PNG welcomes Indonesia's move to join Melanesian group

SYDNEY - Papua New Guinea Thursday welcomed Indonesian President Joko Widodo's plan to join a Melanesian intergovernment group, calling it a historic move that will improve relations with the ethnic population in Papua.

The move came days after Widodo lifted decades-old reporting restrictions for foreign journalists in Papua and ordered the release of a group of political prisoners in the insurgency-hit province.

"This will be historic and a new level of engagement and opportunity for economic and cultural relations with more than 11 million Melanesians in Indonesia," PNG Prime Minister Peter O'Neill said during a trip to Sydney.

The Indonesian leader visited PNG earlier this week.

O'Neill said his nation had "no visibility of what is happening in West Papua", so the Indonesian application to join the Melanesian Spearhead Group was "very important".
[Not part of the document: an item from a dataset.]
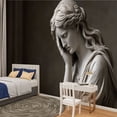 thumbnail image 2 of Peel and Stick Wallpaper 3D Effect Sad European Woman Panoramic Marble Sculpture Black Flowing Modern Art Wall Mural Decor Self Adhesive and Removable 100in x 144in, 2 of 8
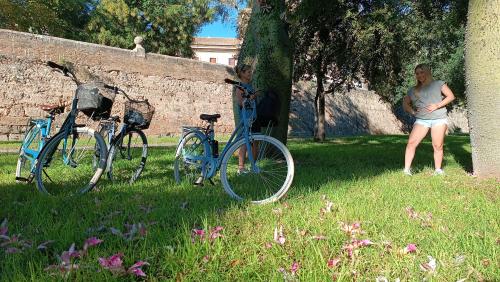 The photos of valencia's triple park bike tour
"I think it is a major step by any Indonesian president to allow this process to begin and I think we should take advantage of it and continue the dialogue with them and see where it goes," he added.

The Melanesian Spearhead Group has Fiji, Papua New Guinea, Solomon Islands, Vanuatu and the French overseas territory of New Caledonia's independence movement FLNKS as members.

It was formed in 1986 to support the decolonisation process and help regional liberation groups, but has since evolved into a regional body discussing trade and security issues.

Widodo's move to remove reporting restrictions in Papua is seen as a sign he is easing the tight grip that Jakarta has long kept on the mineral-rich province, where poorly armed fighters have for years fought a low-level insurgency against the central government.

Widodo has taken a keen interest in Papua, pledging to improve livelihoods in the heavily-militarised area which lags behind other parts of Indonesia in terms of development.

Five political prisoners convicted over a 2003 raid on an Indonesian military weapons arsenal were granted clemency by Widodo.

There are still regular bouts of violence in Papua, where insurgents are fighting on behalf of the mostly ethnic Melanesian population.

Jakarta took control of Papua, which forms half of the island of New Guinea, in 1963 from former colonial power the Netherlands.